Getting Emotional about Prospect Theory
Prospect theory (Kahneman & Tversky, 1979) is a descriptive theory that models real-life financial decisions people make when faced with uncertain outcomes. Some of the key insights it offers are that human beings are loss averse – we weight losses higher than equivalent gains. Losses and gains are also evaluated with respect to a reference point. Prospect Theory has been used to explain many interesting deviances from rational, normative behaviour. Why, however, are we averse to loss? It is not enough to just capture that we are, it is important to go one step further and understand why.

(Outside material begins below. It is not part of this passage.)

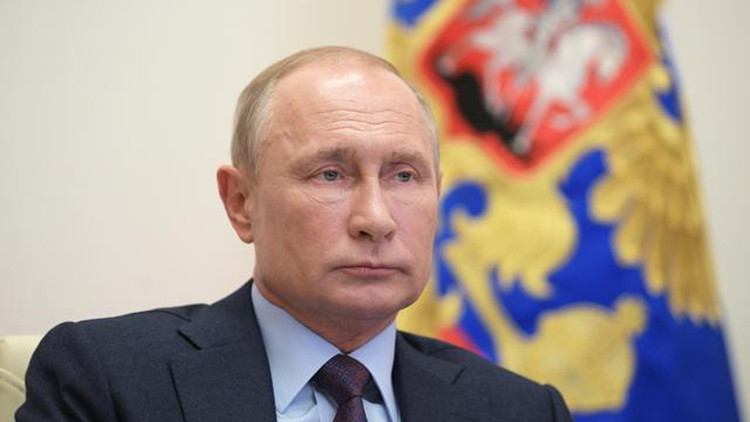 普京簽署法律：允許在境外開展軍事行動時採取特別經濟措施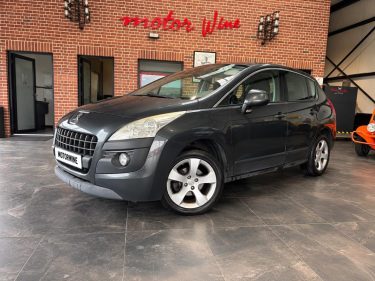 🔹 Peugeot 3008 1.6 HDI 109Ch - 🌤️ Toit panoramique 💡 Feux automatiques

One interesting explanation might be that the emotional consequences of the decision/choice are what causes this behavior. With a bad decision, or financial loss, emotions such as regret and disappointment come into play, whereas emotions associated with gains are those of elation and rejoicing. Also, negative emotions are generally stronger than positive emotions. An interesting study (Summers & Duxbury, 2007) manipulated the emotions that came into play in a loss scenario, hence producing inconsistencies in how people behaved in the loss frame, breaking the behaviour pattern that is predicted by Prospect Theory.

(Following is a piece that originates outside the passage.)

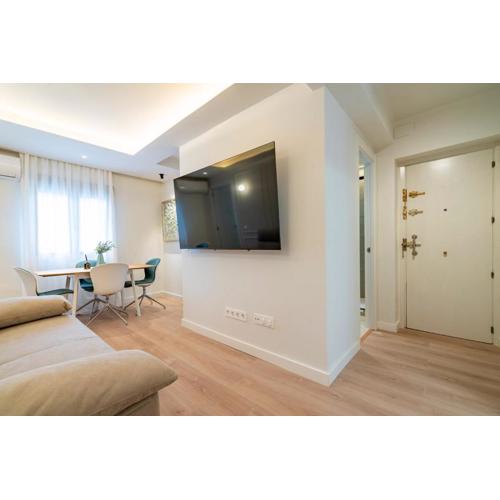 F132 Brand new Design Apartment - Madrid Feria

Consider the sub-optimal behaviour of people who sell winning stocks and hold onto losing ones. This can be explained by Loss Aversion – people do not want to face losses. However, in this experimental manipulation, changing the emotion that the participant experiences during the decision frame, changes this loss-averse behaviour. The study employed two sets of participants – one set who were given stocks that they had to trade (no responsibility condition as they were given the stocks), and another set that picked the stocks they wanted to trade themselves (responsibility condition- picked stocks themselves). When the stocks were losing, people that were given the stocks experienced disappointment, which is associated with avoidance, andsold their losing stocks. On the other hand, people that picked their own stocks experienced regret when their stocks were losing – which is associated with feelings of trying to correct their mistake if given a second chance. These were the people that tended to hold onto their stocks. Thus, under the same loss scenario, the emotion that is anticipated or experienced dictates behaviour and not just loss or gain.

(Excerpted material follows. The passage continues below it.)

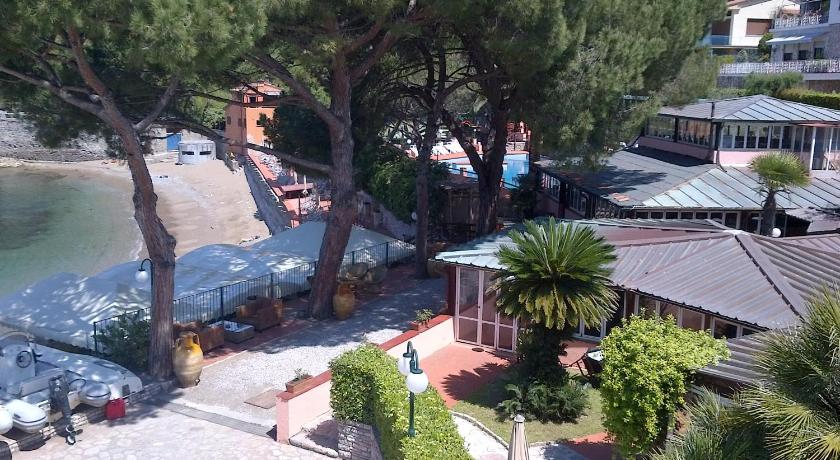 Hotel Fiascherino photo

The context therefore, is all powerful, in the sense that engineering the decision-context, could potentially change the emotions that are experienced, and also the resulting behaviour. Preference Reversals could be architectured by carefully redesigning the problem context. Of-course, a real-world scenario is much more complex when compared to a laboratory setting, which makes the mapping of both the current and the desired context extremely challenging. Architecturing this context while problem solving is therefore one of the first steps that FinalMile undertakes.